● Exercise data:

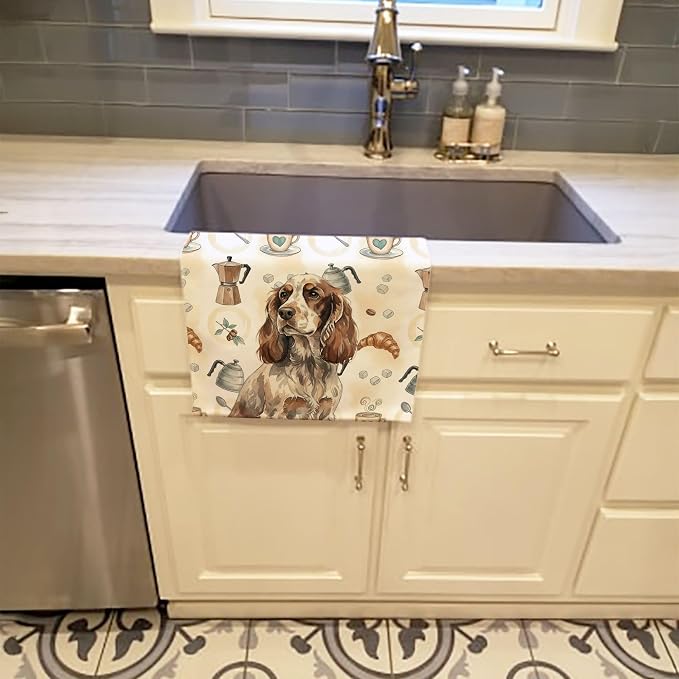 Caroline's Treasures Liver Roan English Cocker Spaniel Coffee Bar Kitchen Towel - Image 2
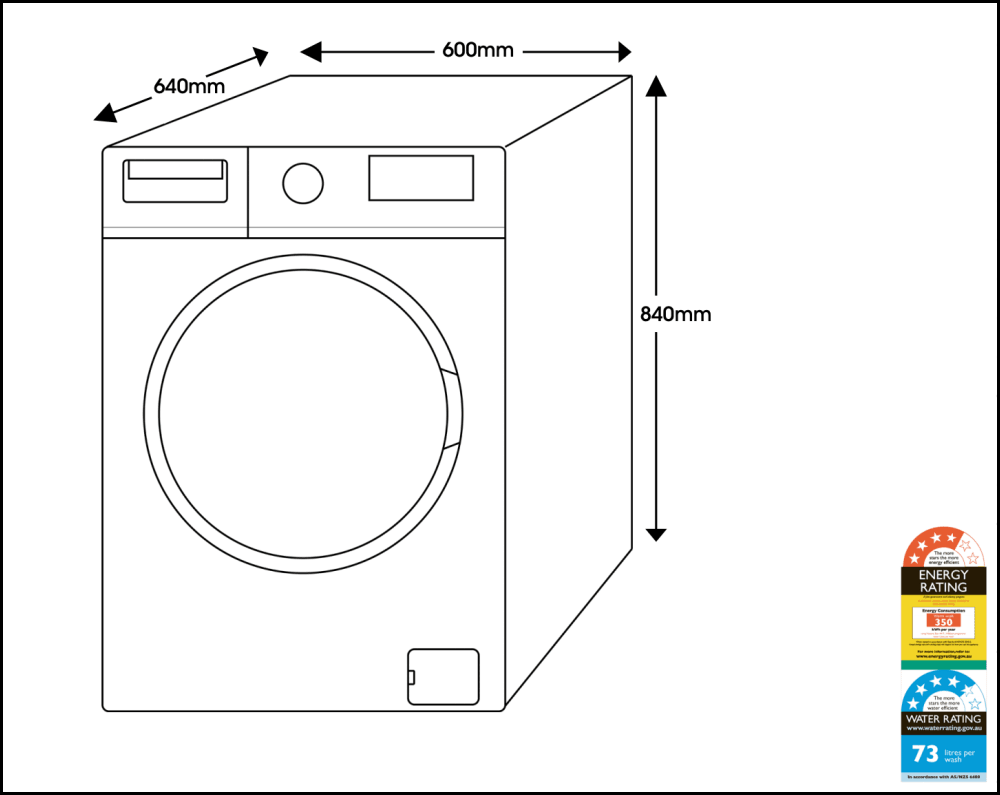 Euromaid EFLP850W 8.5kg Front Load Washing Machine - Energy Efficient, European Made, Ex-Display Discount - Perfect for Small Apartments & Laundry Rooms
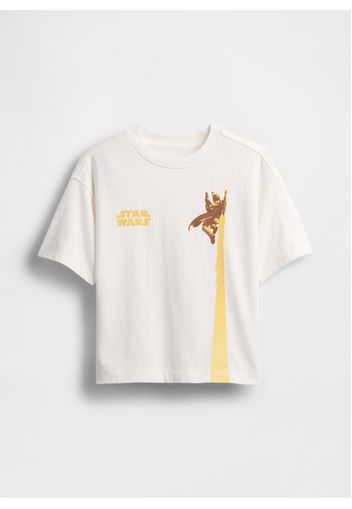 GAP - T-shirt Star Wars bianca, Bambino, Bianco/Giallo, Taglia L/137-145
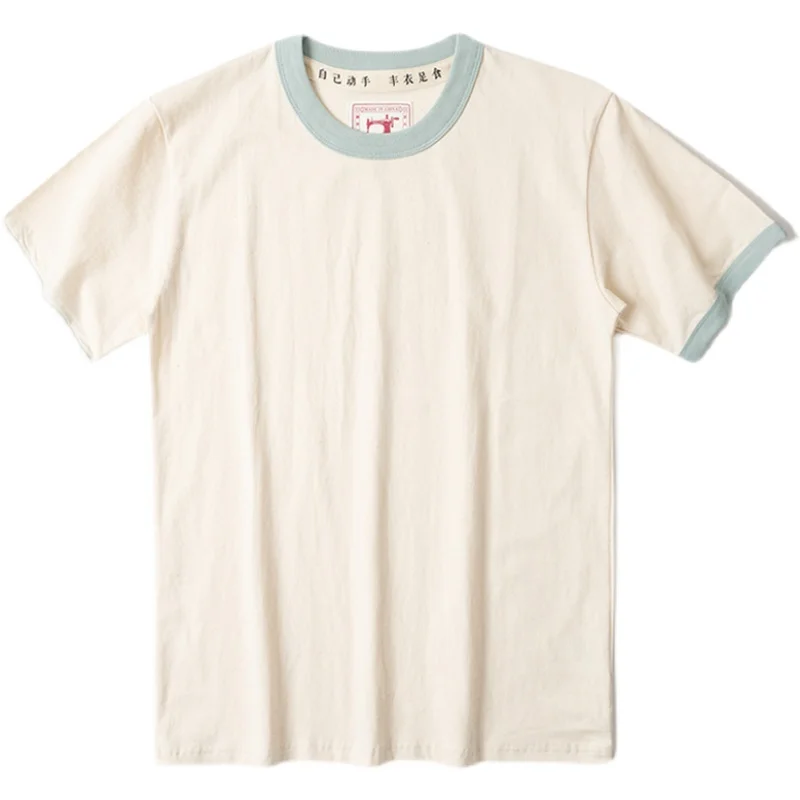 ハンドメイド tシャツとは？米白色と霧霾ブルーのカラー切替半袖Tシャツの実際と選び方
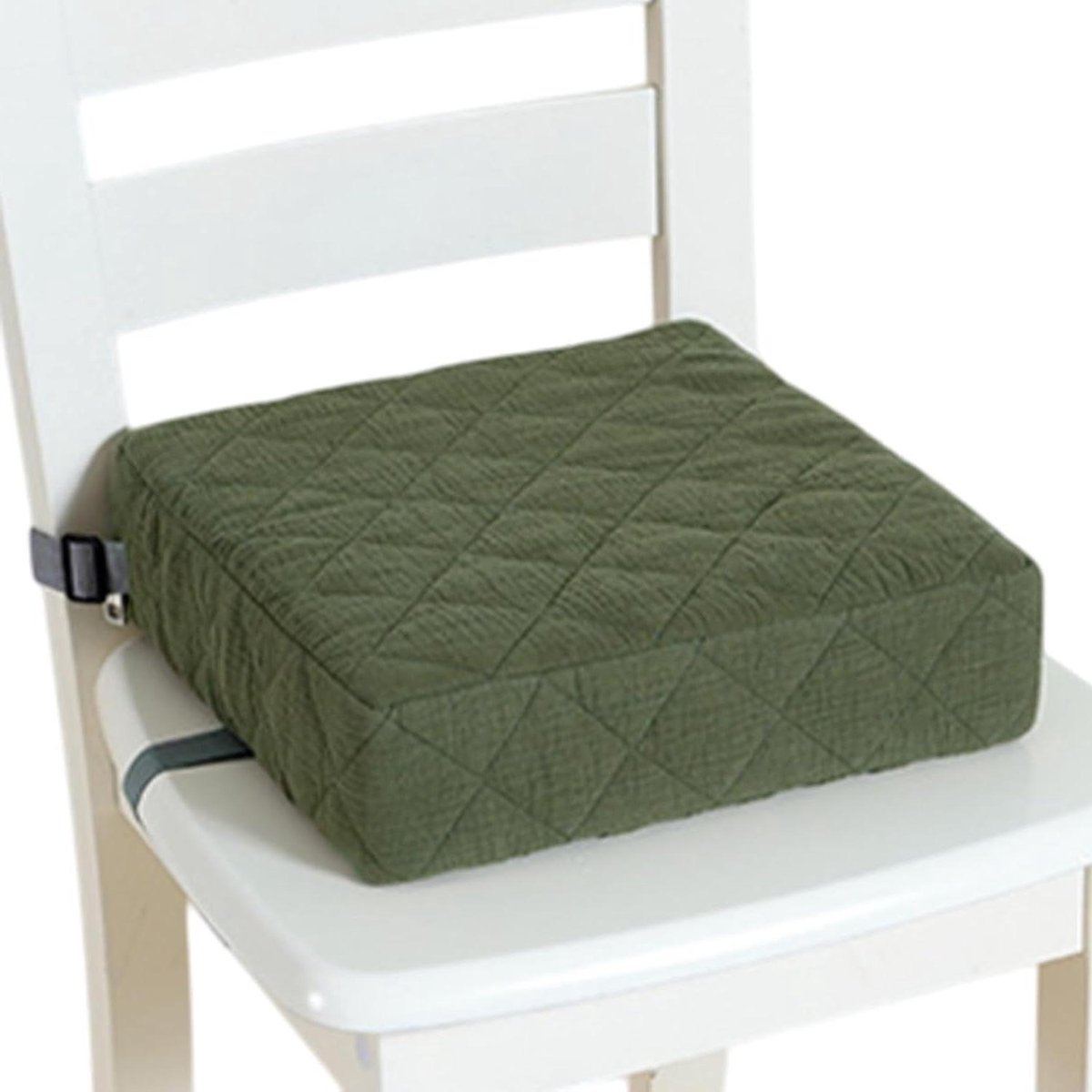 Babyzitje voor tafel - Kinderzitje eettafel - Veilig eten - Dubbele veiligheidsriemen - 32x32x8 cm - Groen
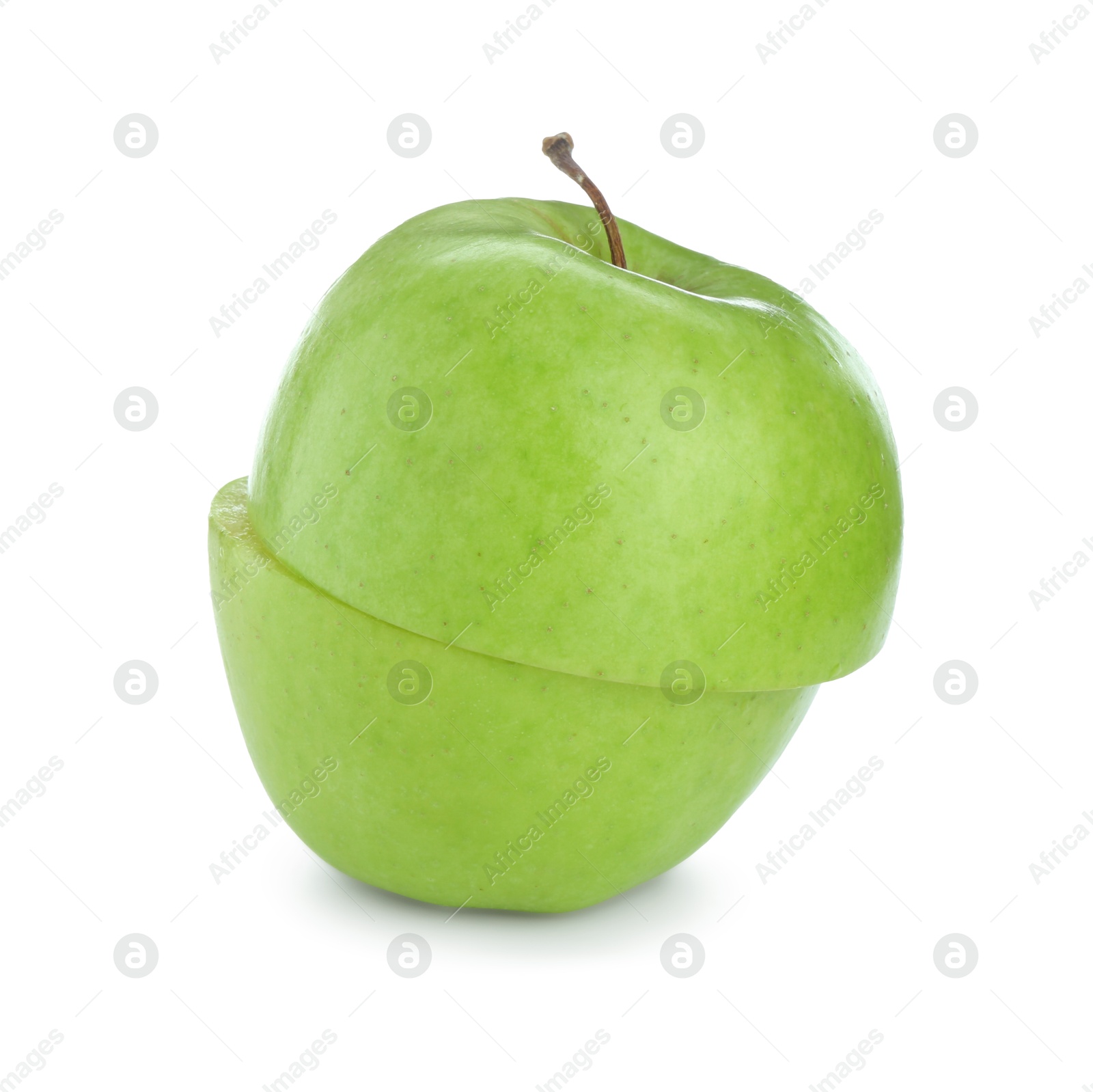 Photo of Cut fresh green apple isolated on white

● Task goal:
Each line above should be written out again exactly, and no picture should appear in the copy.

● Reply:
 Caroline's Treasures Liver Roan English Cocker Spaniel Coffee Bar Kitchen Towel - Image 2
 Euromaid EFLP850W 8.5kg Front Load Washing Machine - Energy Efficient, European Made, Ex-Display Discount - Perfect for Small Apartments & Laundry Rooms
 GAP - T-shirt Star Wars bianca, Bambino, Bianco/Giallo, Taglia L/137-145
 ハンドメイド tシャツとは？米白色と霧霾ブルーのカラー切替半袖Tシャツの実際と選び方
 Babyzitje voor tafel - Kinderzitje eettafel - Veilig eten - Dubbele veiligheidsriemen - 32x32x8 cm - Groen
 Photo of Cut fresh green apple isolated on white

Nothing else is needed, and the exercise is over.